Не успела оглянуться, как явилась служанка. Не юное легкомысленное — что важней, легковерное — создание, а пожилая толстая тётка с лицом надзирательницы тюрьмы. Как Руана его себе представляла.
Служанка свалила на край лежанки здоровенный клубок разномастных одеял:
— Вот, госпожа. Господин велел. Вы бы встали, а я бы застелила. А то тюфяк уж больно срамной. Вам поди новый надо. Вона, уже несут.
Где-то за дверью и вправду шаркали ногами — и не одной парой. Руана послушно сползла с лежанки и доковыляла до единственного в камере табурета. Уселась на него и вытянула ноги.
— Спасибо тебе, добрая женщина, — молвила она с достоинством таарии, но и с большой приязнью.
— Чего это я добрая? — насторожилась толстуха, стаскивая старый комковатый грязный тюфяк и зыркая на пленницу. — Ничего я не добрая.
— Не беспокойся, — хмыкнула Руана. — Я не стану тебя подбивать на предательство. Просто мне и вправду непривычно спать в такой… постели.
— А то ж, — чуток расслабилась служанка.
И приняла у ввалившегося в камеру старика новенький, можно сказать, незасиженный тюфяк. Набитый не соломой, а шерстью — поняла Руана, когда его раскладывали на лежанке. И чистую простынь ей принесли — не пожадничали. И широкое полотенце. И таз, и кувшин с водой, и стол, и целый поднос тюремной баланды. Явно с господского стола: жаркое, жареные крылья, ещё что-то и фрукты. Целую делегацию слуг пригнали, дабы обустроить быт таарии в заключении.
— Удумали тоже, — застилая постель, бухтела под нос добрая женщина, — госпожу в помойную яму пихать. Ну и сбежала, ну и подумаешь.
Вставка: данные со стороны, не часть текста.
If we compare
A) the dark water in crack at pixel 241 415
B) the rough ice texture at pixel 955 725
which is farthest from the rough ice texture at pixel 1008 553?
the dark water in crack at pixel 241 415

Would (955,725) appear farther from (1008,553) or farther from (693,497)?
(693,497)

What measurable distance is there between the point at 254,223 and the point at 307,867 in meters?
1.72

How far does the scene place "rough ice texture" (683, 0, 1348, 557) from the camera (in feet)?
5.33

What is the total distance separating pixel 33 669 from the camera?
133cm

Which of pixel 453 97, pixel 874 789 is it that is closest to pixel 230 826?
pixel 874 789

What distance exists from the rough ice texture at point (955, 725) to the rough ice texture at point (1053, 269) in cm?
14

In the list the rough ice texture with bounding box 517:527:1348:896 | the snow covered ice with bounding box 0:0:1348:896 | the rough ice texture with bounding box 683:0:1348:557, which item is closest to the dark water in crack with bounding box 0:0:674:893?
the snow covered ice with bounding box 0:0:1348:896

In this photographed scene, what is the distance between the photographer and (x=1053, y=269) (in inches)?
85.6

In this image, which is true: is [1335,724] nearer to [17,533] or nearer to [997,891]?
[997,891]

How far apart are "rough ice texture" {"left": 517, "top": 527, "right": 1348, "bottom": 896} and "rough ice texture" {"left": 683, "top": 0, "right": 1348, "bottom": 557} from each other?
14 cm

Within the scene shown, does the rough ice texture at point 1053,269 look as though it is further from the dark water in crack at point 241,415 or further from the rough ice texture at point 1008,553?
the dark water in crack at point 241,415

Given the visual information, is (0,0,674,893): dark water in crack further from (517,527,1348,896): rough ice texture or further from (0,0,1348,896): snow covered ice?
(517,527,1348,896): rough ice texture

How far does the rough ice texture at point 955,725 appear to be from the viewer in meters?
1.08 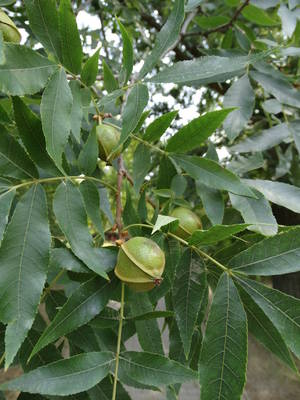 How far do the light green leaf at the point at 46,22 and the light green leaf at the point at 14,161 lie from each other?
24 centimetres

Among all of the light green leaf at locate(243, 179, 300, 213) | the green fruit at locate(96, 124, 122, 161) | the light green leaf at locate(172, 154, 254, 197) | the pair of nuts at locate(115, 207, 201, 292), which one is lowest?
the light green leaf at locate(243, 179, 300, 213)

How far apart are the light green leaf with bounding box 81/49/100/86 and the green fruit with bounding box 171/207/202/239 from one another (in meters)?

— Скажешь тоже! — осудил её взгляды на господские затеи старик, выпихивая за дверь любопытных коллег. — А зачем было бежать? Господа ж не звери лютые. Забижать не станут. Чай понятие имеют, что не девку безродную в дом припёрли.
Ну, чьё тут выдержит терпенье? Руана прыснула.
— Она ещё и ржёть! — всплеснул руками старик.
— Отстань от девочки! — окрысилась на него толстуха, замахнувшись на критикана полотенцем. — А ну, пошёл отсюда! Мне госпожу переодеть надо.
Тут Руане стало не до смеха. Она вовсе не собиралась расставаться с мужским костюмом — у неё дел непочатый край!
— Я не стану переодеваться, — строго уведомила высокородная барышня, стараясь не пережимать. — Это платье прислал господин? Отнеси обратно. А мне принеси чистую рубаху. Не господскую, а обыкновенную льняную.
— Вам почиститься бы надо, — попыталась перечить ей простолюдинка. — Виданное ли дело, в такой грязище пребывать?